→ TASK:
The lines to be extracted begin at the line containing "Una imagen de" and end at the last line of the data below; copy them exactly and leave out the pictures.

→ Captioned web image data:
....

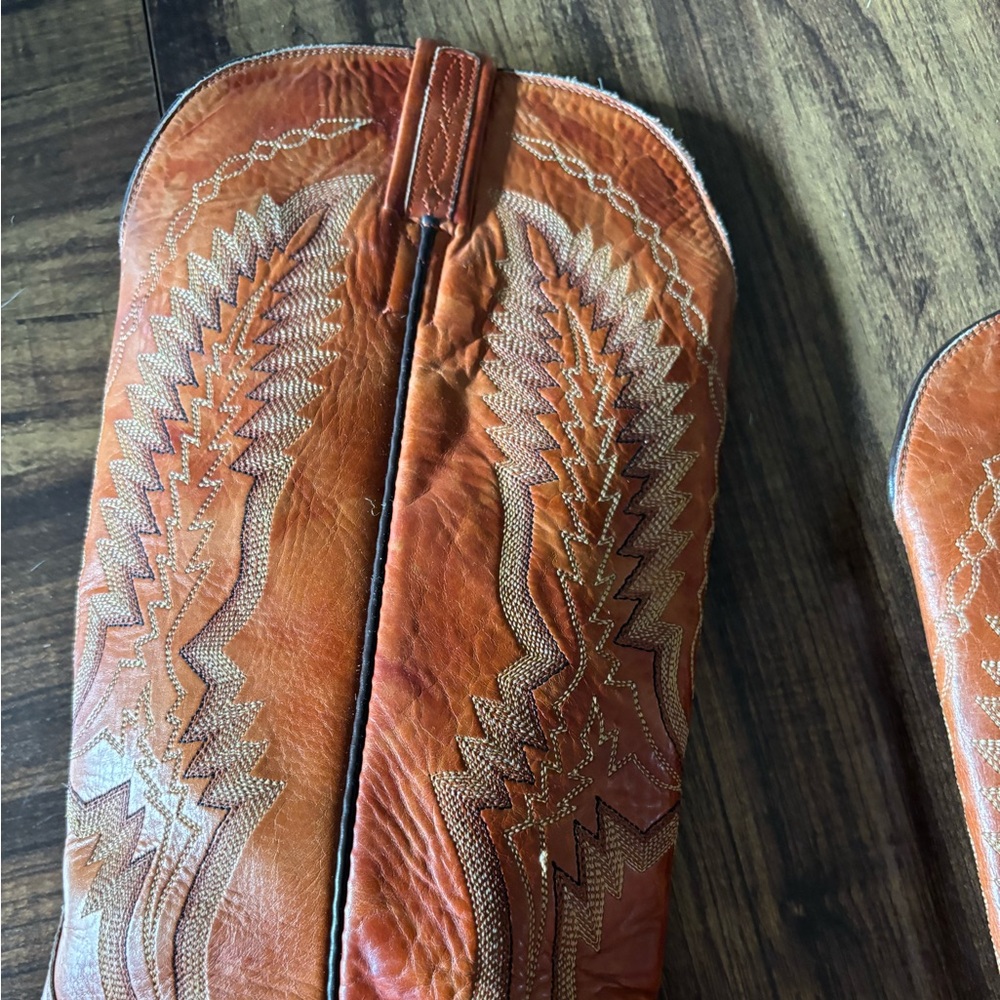 Women’s Tall Lucchese Western Cowgirl Boots Sz 7 - Picture 5 of 15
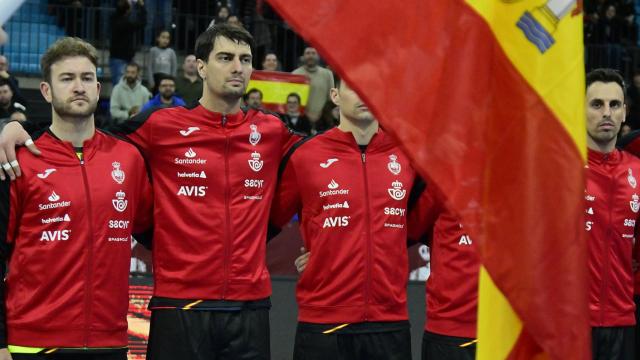 Una imagen de los Hispanos antes de un partido.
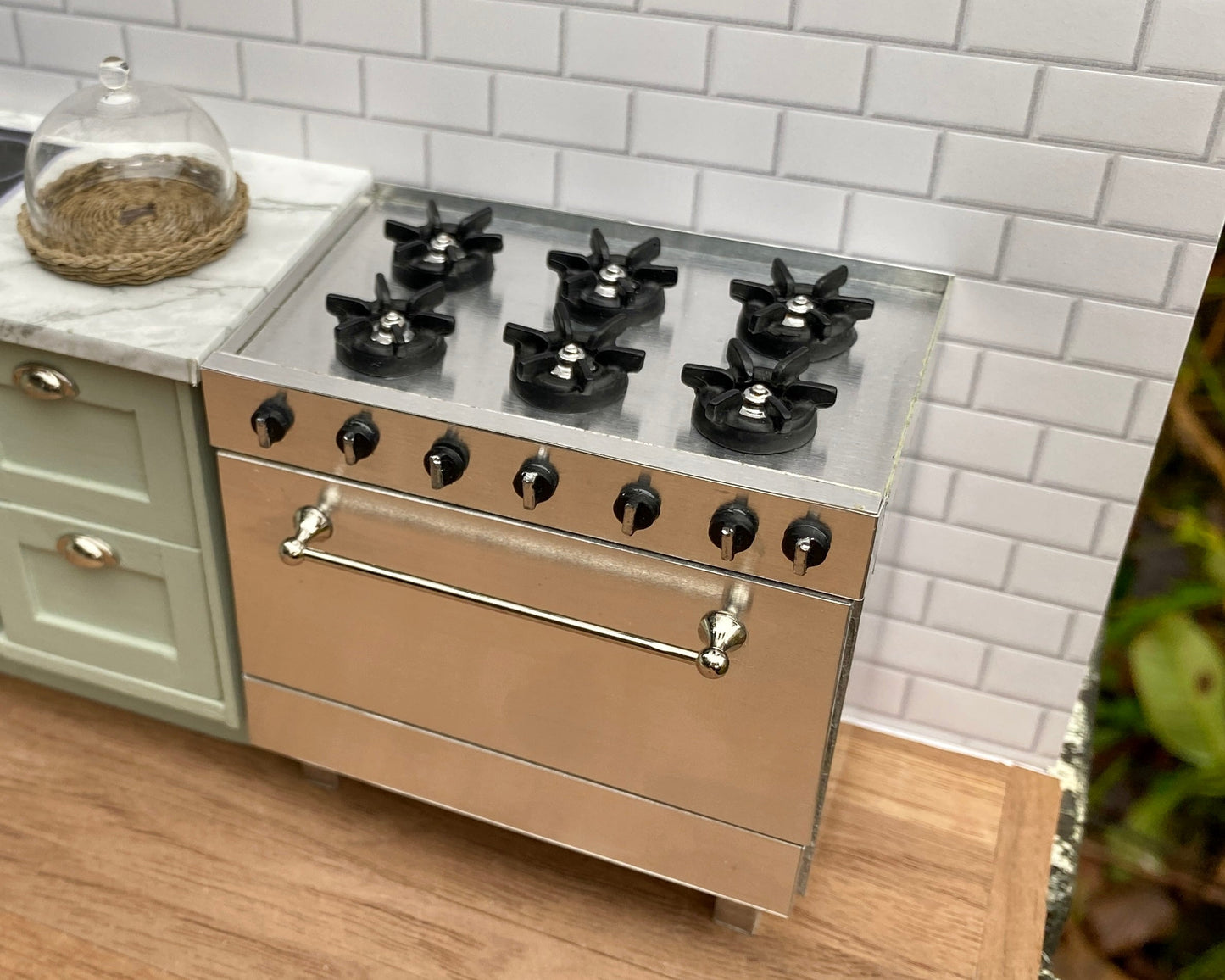 ELF Single Oven Range Silver Detail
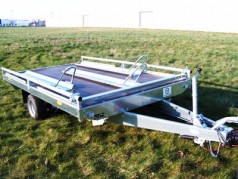 3er Motorradanhänger 1500 kg gebremst bis 3 Motorräder 100 km/h 3010 x 1890 mm mit 2 Seiten Reling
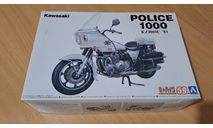 Сборная модель мотоцикла Kawasaki KZ1000C police 1000 ’81, сборная модель мотоцикла, AOSHIMA, scale12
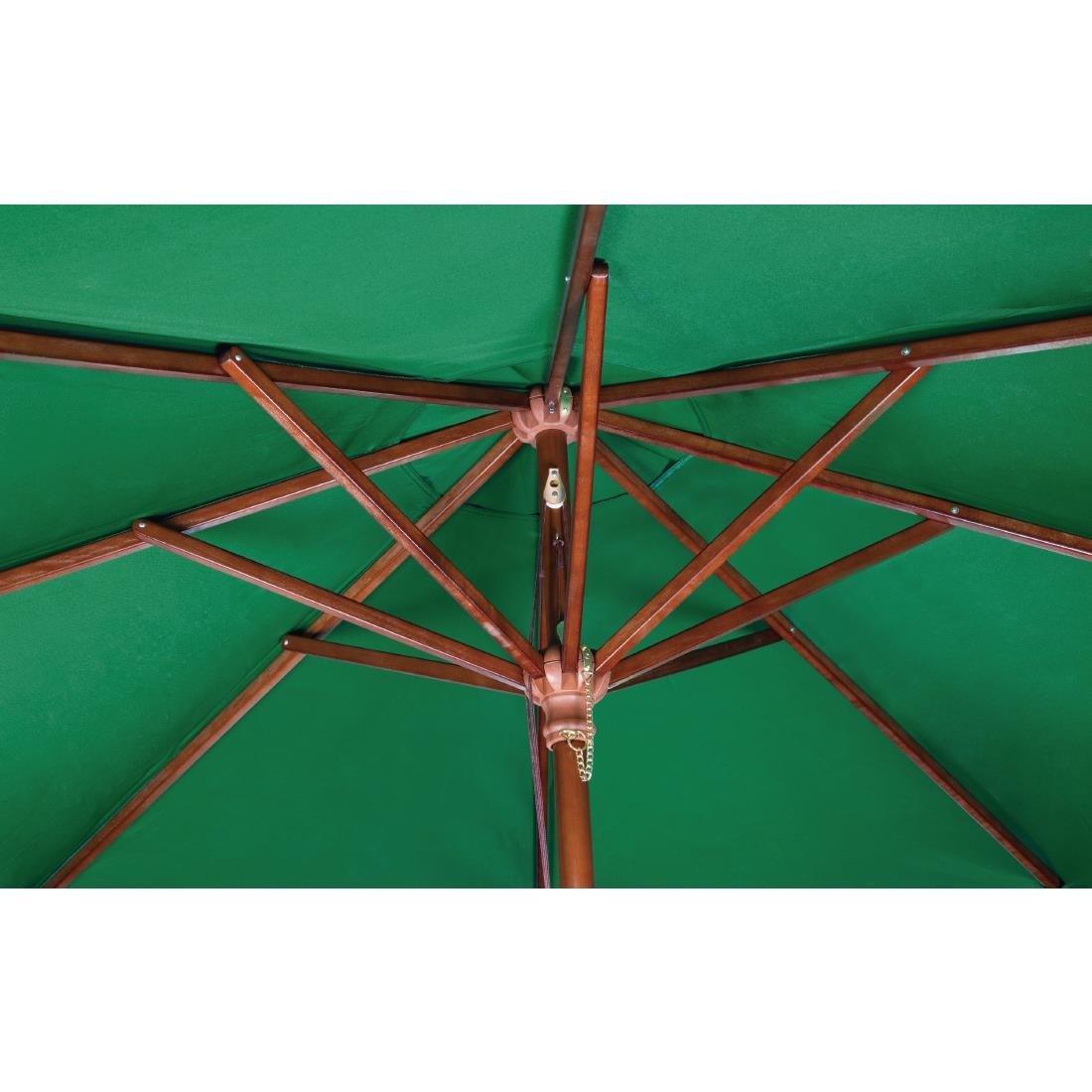 Parasol rond Bolero vert 2,5m - FRANCE CHR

....

→ REPLY:
 Una imagen de los Hispanos antes de un partido.
 ELF Single Oven Range Silver Detail
 3er Motorradanhänger 1500 kg gebremst bis 3 Motorräder 100 km/h 3010 x 1890 mm mit 2 Seiten Reling
 Сборная модель мотоцикла Kawasaki KZ1000C police 1000 ’81, сборная модель мотоцикла, AOSHIMA, scale12
 Parasol rond Bolero vert 2,5m - FRANCE CHR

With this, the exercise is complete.